= Argei =

Ancient Roman religious rituals

The rituals of the Argei were archaic religious observances in ancient Rome that took place on March 16 and March 17, and again on May 14 or May 15. By the time of Augustus, the meaning of these rituals had become obscure even to those who practiced them. For the May rites, a procession of pontiffs, Vestals, and praetors made its way around a circuit of 27 stations (sacella or sacraria), where at each they retrieved a figure fashioned into human form from rush, reed, and straw, resembling men tied hand and foot. After all the stations were visited, the procession, accompanied by the Flaminica Dialis in mourning guise, moved to the Pons Sublicius, the oldest known bridge in Rome, where the gathered figures were tossed into the Tiber River.

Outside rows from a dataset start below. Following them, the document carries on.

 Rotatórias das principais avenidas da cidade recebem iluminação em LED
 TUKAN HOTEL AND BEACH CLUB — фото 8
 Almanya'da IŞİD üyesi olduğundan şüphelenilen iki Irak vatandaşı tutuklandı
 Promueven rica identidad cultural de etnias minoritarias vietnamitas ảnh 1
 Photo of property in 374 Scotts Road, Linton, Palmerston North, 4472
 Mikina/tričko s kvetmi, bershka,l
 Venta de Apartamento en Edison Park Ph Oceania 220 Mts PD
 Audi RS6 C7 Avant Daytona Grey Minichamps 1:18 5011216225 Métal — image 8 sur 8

Both the figures (effigies or simulacra) and the stations or shrines were called Argei, the etymology of which remains undetermined.

The continuation of these rites into the later historical period when they were no longer understood demonstrates how strongly traditionalist the Romans were in matters of religion.

==Interpretations==
Before the ritual commenced, an effigy was placed in each of the 27 (or in some sources 24 or 30) shrines of the Argei (sacra Argeorum) throughout the Servian regions. The effigies were thought to absorb pollution within the area, and their subsequent sacrifice was a ritual purification of the city. The pontiffs and Vestals were the main celebrants. The exact route of the procession among the stations is unclear.

According to Ovid, the ritual had been established as a sacrifice to the god Saturn as the result of a responsum from Jupiter Fatidicus, the oracle of Dodona. But the meaning of the ritual had already become obscure, and Ovid offers an antiquarian range of explanations. The responsum had prescribed human sacrifice, one man for each one of the gentes (families or clans) living near the banks of the Tiber. This early population was believed to have been of Greek origin, and hence Argei derived from Argivi (the Greek ethnonym "Argives"), specifically the companions of Evander and later those of Hercules who had decided to stay on and live there. This responsum predated the founding of Rome. One way to interpret the ritual of the Argei was that early inhabitants of what was to become Rome had practiced human sacrifice as prescribed; Ovid insists, however, that Hercules had put an end to it, and that human sacrifice was never a practice of the Romans themselves.

Ovid puts another interpretation in the mouth of Tiberinus, the god who personified the river. Since these early inhabitants were of Greek origin, he said, they grew homesick in their old age and asked to be buried in the river as a kind of symbolic return to their homeland in death. While this last interpretation appears irreconcilable with the previous, it may be reminiscent of burial practices in water which are attested in many parts of the world among primitive peoples.

Dionysius of Halicarnassus also explains the ritual in terms of human sacrifice, saying that Tiberinus was the recipient of these regular offerings.

Alternative modern interpretations include a pre-Imperial rainmaking rite, or an annual re-enactment of the execution by drowning of 27 Greek war captives.